## What is expected
From the line with "重庆刚哥攒机 配电脑 搞机王 2019-09-03 10点场" through the final line below, restate each line word for word and return nothing else.

===== Extracted records

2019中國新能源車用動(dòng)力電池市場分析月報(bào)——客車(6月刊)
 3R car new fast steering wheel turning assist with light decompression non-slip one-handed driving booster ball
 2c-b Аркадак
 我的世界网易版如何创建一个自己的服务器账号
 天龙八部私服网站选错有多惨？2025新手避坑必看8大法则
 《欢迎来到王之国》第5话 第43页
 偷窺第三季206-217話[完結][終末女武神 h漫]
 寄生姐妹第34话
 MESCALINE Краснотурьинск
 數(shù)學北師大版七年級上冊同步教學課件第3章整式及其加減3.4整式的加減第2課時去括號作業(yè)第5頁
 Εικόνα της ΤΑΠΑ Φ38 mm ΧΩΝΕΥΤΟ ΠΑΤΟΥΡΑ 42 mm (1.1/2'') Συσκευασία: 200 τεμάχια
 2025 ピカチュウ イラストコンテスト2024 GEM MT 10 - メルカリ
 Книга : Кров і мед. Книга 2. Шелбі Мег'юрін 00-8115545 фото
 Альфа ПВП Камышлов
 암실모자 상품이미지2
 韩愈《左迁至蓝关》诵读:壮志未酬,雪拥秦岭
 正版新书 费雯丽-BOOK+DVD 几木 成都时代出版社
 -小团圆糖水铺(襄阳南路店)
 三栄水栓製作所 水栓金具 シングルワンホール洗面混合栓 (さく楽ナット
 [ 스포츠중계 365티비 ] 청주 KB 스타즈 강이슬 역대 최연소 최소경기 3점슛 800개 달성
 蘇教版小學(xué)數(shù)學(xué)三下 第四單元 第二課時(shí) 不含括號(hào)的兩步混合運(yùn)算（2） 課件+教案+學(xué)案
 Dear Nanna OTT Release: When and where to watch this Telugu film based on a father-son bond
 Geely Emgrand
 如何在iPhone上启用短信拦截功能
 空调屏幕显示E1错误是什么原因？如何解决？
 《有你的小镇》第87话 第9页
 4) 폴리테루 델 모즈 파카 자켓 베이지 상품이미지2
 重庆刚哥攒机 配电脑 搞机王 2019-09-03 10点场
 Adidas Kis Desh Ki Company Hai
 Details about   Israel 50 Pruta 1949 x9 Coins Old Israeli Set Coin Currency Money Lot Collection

==========

## Task result
 重庆刚哥攒机 配电脑 搞机王 2019-09-03 10点场
 Adidas Kis Desh Ki Company Hai
 Details about   Israel 50 Pruta 1949 x9 Coins Old Israeli Set Coin Currency Money Lot Collection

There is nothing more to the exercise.